Chinese e-retailer Wangjiu is to start producing its own wine in the country, in an effort to expand its business beyond high-end imports.
Founded in 2011 by the well-known mobile media and technology company Leshi, Wangjiu.com was established to sell mainly high-end imported wines.
This month, the retailer announced that it has planted more than 30,000 vines, constituting 67 hectares of vineyards, in Yaodu district in Linfen, Shanxi province.
The moves comes as government austerity policies continue to hit sales of premium imported wines in China. Li Rui, CEO of Wangjiu.com, believes that greater control of wine supply will help the group better compete against other domestic and overseas retailers.
‘At the beginning we position ourselves as a high-end imported wine online sales platform, [but] now we are turning our e-commerce channels into a terminal for our various businesses,’ Li told DecanterChina.com. He said the company aims to cover the entire production process from planting to distribution.
He added that, thanks to support from the Leshi group, the Linfen vineyard project ‘has unique advantages’ over other domestic producers in terms of financial support and distribution channels. As previously reported on DecanterChina.com, some areas of the Chinese wine industry have struggled to generate profit in the past year.

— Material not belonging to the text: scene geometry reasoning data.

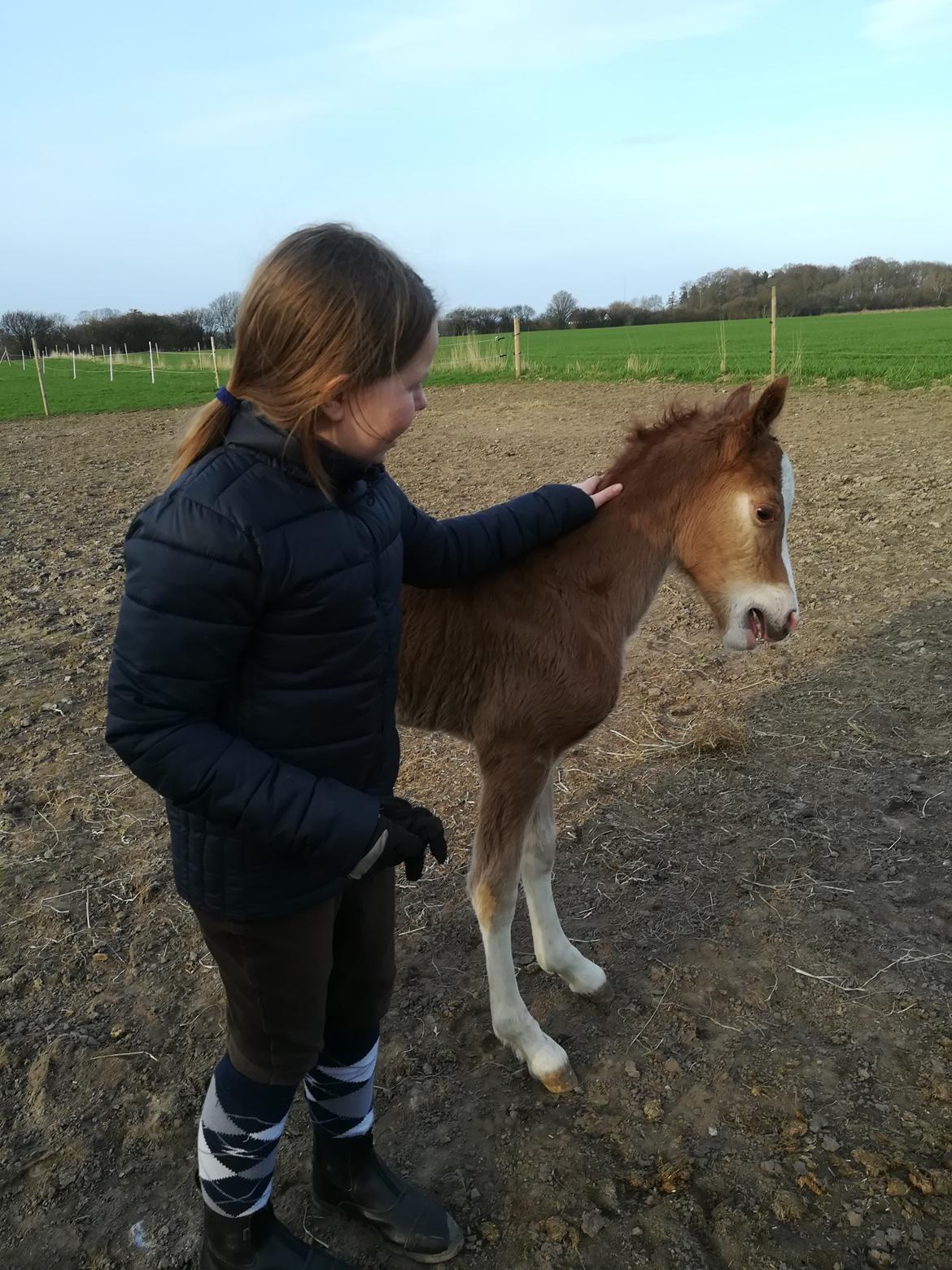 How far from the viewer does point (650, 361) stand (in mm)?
27766

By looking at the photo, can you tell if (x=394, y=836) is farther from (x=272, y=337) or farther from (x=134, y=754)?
(x=272, y=337)

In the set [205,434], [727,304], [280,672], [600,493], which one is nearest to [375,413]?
[205,434]

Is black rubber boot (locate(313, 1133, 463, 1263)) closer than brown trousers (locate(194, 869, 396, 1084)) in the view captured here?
No

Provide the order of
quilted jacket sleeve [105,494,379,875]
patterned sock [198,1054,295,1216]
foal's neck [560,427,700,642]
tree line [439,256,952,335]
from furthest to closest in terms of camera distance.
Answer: tree line [439,256,952,335] → foal's neck [560,427,700,642] → patterned sock [198,1054,295,1216] → quilted jacket sleeve [105,494,379,875]

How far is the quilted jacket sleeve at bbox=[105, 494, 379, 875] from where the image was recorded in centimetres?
152

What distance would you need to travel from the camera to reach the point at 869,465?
10.2 metres

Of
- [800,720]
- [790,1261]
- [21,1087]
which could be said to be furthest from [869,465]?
[21,1087]

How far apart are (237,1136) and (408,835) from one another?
84cm

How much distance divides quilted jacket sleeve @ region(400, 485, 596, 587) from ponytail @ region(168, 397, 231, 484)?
2.06ft

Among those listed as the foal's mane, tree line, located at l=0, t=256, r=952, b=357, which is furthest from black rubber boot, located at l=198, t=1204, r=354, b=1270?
tree line, located at l=0, t=256, r=952, b=357

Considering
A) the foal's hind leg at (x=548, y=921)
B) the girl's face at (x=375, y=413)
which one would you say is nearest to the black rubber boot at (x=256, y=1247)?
the foal's hind leg at (x=548, y=921)

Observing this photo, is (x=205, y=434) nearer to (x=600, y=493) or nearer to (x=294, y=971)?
(x=294, y=971)

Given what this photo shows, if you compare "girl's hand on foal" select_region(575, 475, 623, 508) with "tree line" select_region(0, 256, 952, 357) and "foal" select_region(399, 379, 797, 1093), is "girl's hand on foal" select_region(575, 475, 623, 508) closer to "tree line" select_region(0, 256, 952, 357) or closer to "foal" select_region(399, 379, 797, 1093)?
"foal" select_region(399, 379, 797, 1093)

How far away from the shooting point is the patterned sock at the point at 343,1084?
7.07ft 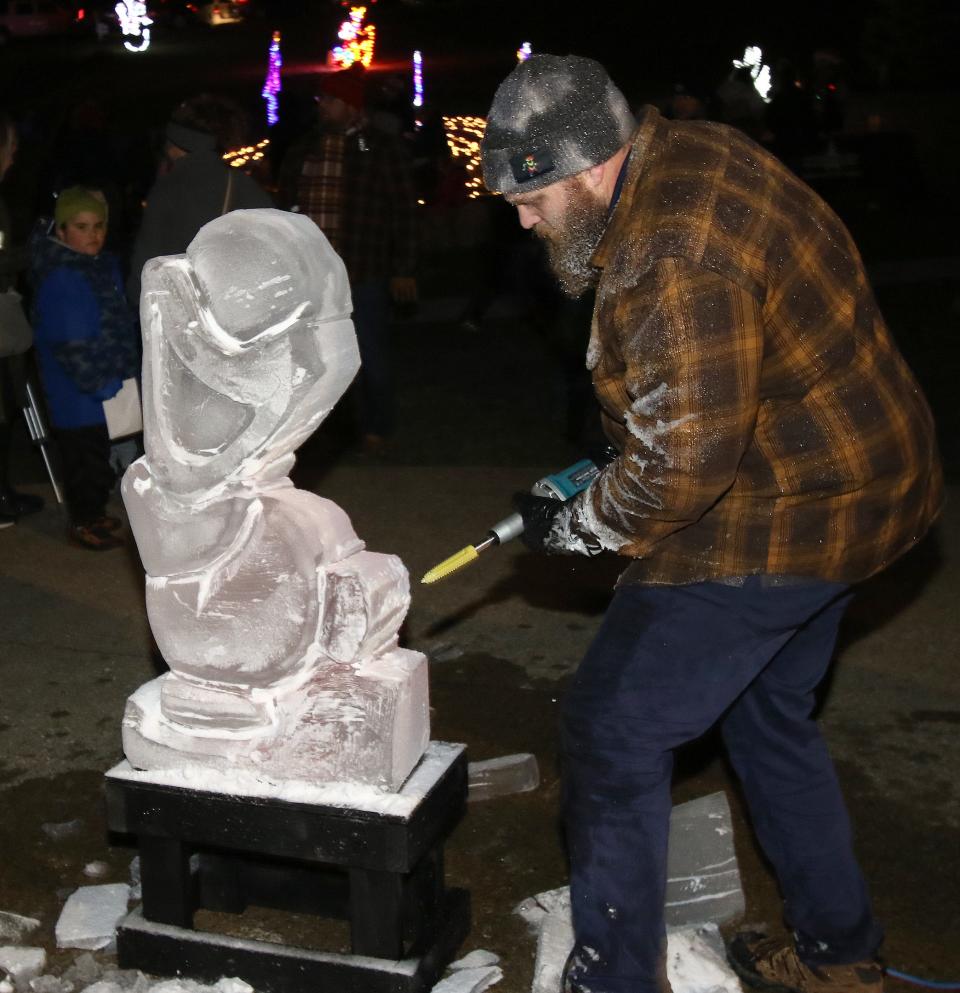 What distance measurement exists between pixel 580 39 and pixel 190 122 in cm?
2990

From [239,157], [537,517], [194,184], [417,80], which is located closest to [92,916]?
[537,517]

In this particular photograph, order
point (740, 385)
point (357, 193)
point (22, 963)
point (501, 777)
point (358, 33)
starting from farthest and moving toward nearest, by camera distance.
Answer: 1. point (358, 33)
2. point (357, 193)
3. point (501, 777)
4. point (22, 963)
5. point (740, 385)

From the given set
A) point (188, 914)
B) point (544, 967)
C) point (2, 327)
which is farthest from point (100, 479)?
point (544, 967)

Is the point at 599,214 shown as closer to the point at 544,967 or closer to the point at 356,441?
the point at 544,967

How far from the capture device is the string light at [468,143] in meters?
14.7

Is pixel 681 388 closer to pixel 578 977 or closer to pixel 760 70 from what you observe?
pixel 578 977

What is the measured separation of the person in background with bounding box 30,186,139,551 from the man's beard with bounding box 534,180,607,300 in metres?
3.25

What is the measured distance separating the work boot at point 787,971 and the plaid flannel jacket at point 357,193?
4.13 metres

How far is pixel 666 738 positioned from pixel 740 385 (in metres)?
0.67

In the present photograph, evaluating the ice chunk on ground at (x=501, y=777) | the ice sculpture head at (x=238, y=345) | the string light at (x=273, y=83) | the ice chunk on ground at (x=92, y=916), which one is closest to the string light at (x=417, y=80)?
the string light at (x=273, y=83)

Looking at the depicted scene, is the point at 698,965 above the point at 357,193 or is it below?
below

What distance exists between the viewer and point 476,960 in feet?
10.00

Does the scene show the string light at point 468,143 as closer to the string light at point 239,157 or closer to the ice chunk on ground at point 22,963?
the string light at point 239,157

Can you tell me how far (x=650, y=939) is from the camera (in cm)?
260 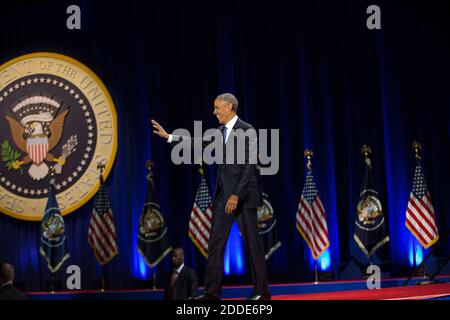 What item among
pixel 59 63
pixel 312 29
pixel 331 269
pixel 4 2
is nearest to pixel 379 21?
pixel 312 29

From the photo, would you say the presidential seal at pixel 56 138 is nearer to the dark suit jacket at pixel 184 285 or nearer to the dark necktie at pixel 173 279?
the dark necktie at pixel 173 279

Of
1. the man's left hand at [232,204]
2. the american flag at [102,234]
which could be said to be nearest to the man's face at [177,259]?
the american flag at [102,234]

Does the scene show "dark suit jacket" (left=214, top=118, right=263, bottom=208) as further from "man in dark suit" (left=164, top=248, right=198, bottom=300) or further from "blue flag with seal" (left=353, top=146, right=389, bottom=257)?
"blue flag with seal" (left=353, top=146, right=389, bottom=257)

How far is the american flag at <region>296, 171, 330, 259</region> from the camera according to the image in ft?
26.5

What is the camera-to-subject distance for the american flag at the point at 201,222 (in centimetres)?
822

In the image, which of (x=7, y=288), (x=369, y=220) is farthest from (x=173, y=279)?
(x=369, y=220)

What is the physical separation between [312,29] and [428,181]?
2.57 meters

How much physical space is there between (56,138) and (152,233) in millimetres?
1984

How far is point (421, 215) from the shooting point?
799 centimetres

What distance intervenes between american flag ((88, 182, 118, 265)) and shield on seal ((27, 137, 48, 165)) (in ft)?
3.83

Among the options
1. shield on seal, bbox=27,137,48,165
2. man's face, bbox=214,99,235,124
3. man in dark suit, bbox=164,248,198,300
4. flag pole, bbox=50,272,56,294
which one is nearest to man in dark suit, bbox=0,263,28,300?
man's face, bbox=214,99,235,124

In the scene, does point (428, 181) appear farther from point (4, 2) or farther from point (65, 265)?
point (4, 2)

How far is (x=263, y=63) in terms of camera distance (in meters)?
8.88

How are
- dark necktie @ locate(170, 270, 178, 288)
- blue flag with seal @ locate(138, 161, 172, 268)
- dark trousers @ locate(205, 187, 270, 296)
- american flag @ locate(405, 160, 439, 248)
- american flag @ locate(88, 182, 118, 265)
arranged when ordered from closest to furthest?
dark trousers @ locate(205, 187, 270, 296)
dark necktie @ locate(170, 270, 178, 288)
american flag @ locate(405, 160, 439, 248)
blue flag with seal @ locate(138, 161, 172, 268)
american flag @ locate(88, 182, 118, 265)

‘Top producers such as Lafite and Moet-Hennessy are planting vines in China, which suggests that you can harvest good-quality grapes in China,’ Li said. The company is drawing on experience of running ‘overseas winery projects’ in France, he added.
Shanxi Province is already home to a few boutique wineries, including Grace Vineyard. DecanterChina.com understands that Wangjiu’s Linfen vineyards will start producing wines in three years, and the market will see the wines in seven years.
The group imported its vines from overseas, and varieties include Cabernet Sauvignon, Merlot, Cabernet Franc and Marselan, a cross between Cabernet Sauvignon and Grenache. Li expects the style of wines produced from the Linfen site to be ‘easy-to-drink with varietal features’.